家電の裏側に「50Hz/60Hz」と書かれているのを見たことがあると思います。九州は60Hz。この数字は、ほぼいつも、ほぼぴったり守られています。
当たり前のようですが、これは自然にそうなっているのではありません。誰かが守っている結果です。
電気は、作った瞬間に使われている
電力系統の厄介なところは、電気を溜めずに流していることです。発電量と消費量は、常に一致していなければなりません。これを同時同量と呼びます。

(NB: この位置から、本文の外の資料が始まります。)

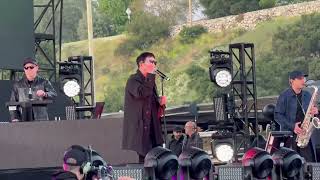 Soft Cell @ Cruel World Festival - Brookside at The Rose Bowl Sat May 11th 2024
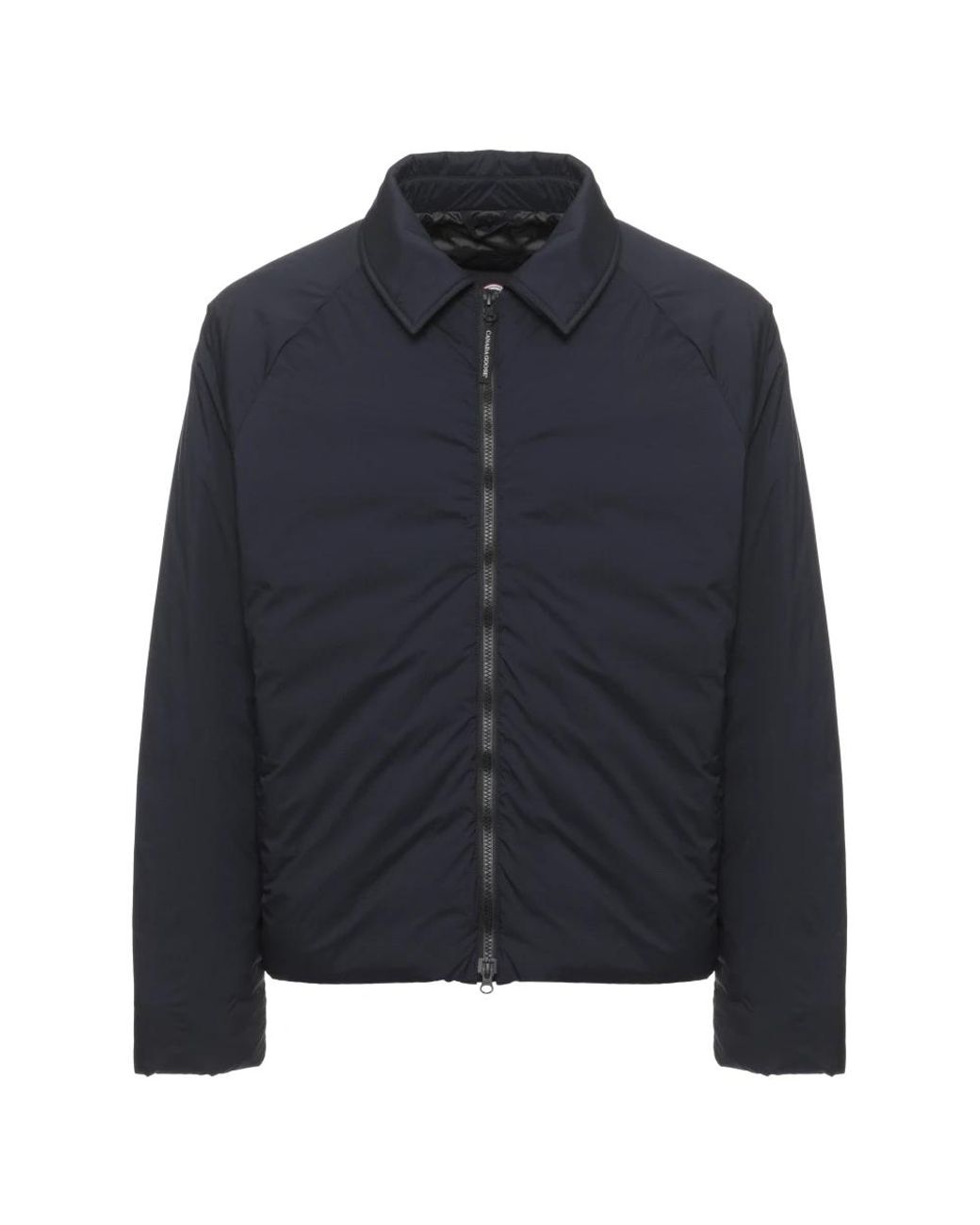 Canada Goose Blue Light Jackets for men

一致しないとどうなるか。需要より発電が多ければ周波数は上がり、少なければ下がります。ずれが大きくなると機器が壊れたり、発電機が系統から切り離されたりして、最悪の場合は停電に広がります。
ところが需要のほうは、こちらの都合を聞いてくれません。テレビの番組が終わって一斉にお湯を沸かす。雲が太陽を隠して太陽光の出力が数分で落ちる。工場が一つ止まる。秒単位で需要と供給はずれ続けます。
ずれた分を、誰かが埋めている
そのずれを埋めているのが「調整力」です。出力を上げ下げできる電源が待機していて、系統からの指令に応じて即座に応答する。この働きによって、周波数は一定の幅に収まり続けています。
派手な仕事ではありません。普段は誰も気づきません。うまくいっている限り、何も起きていないように見えるからです。設備の運転を支える裏方の仕事とは、だいたいそういうものです。
待機していること自体が、商品になった
面白いのは、この「待機する能力」が制度上の商品になっていることです。需給調整市場では、応答できる状態で待っていることに対価が支払われます。実際に指令が来て動いた分は別に精算されます。
つまり、何も起きていない時間にも価値がある。稼働率が低いから採算が悪い、という常識が通じない世界です。
蓄電池がこの市場で評価されるのは、応答が速いからです。火力発電のように出力を上げるのに時間を要することがなく、指令から数秒の単位で充電にも放電にも振れます。裏方の仕事に向いた性質を、もともと持っている設備だと言えます。
2026年4月からは低圧の蓄電池もアグリゲーター経由で需給調整市場に参加できるようになりました。50kW未満の設備が、この裏方の列に加われるようになったということです。
仕組みをもう少し詳しく
- 市場の区分と収益源の整理 → 需給調整市場と容量市場の違い
- 実際の約定データ → 「待機するだけでお金になる」一次調整力の実データ
- 誰が指令を出しているのか → アグリゲーターとは
今日も、どこかで誰かが待機しています。そのおかげで、冷蔵庫は静かに回り続けています。
※市場価格・制度内容は時期により変動します。